__Task data__:
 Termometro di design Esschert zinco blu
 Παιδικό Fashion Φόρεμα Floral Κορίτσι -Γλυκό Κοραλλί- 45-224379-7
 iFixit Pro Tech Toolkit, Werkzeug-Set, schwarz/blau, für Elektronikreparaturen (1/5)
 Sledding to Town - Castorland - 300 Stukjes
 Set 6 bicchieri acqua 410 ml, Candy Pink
...
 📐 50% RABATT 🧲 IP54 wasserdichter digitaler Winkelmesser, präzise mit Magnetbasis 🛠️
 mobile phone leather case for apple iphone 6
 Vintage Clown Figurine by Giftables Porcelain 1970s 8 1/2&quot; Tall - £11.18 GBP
==
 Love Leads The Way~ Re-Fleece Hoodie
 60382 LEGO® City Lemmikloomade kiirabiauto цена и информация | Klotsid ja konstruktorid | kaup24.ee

__Assignment__: Reproduce, word for word and in full, only the lines above that start at the line with "Termometro di design Esschert zinco blu" and run through the line with "Set 6 bicchieri acqua 410 ml, Candy Pink", both ends included.

__Solution to this problem__:
 Termometro di design Esschert zinco blu
 Παιδικό Fashion Φόρεμα Floral Κορίτσι -Γλυκό Κοραλλί- 45-224379-7
 iFixit Pro Tech Toolkit, Werkzeug-Set, schwarz/blau, für Elektronikreparaturen (1/5)
 Sledding to Town - Castorland - 300 Stukjes
 Set 6 bicchieri acqua 410 ml, Candy Pink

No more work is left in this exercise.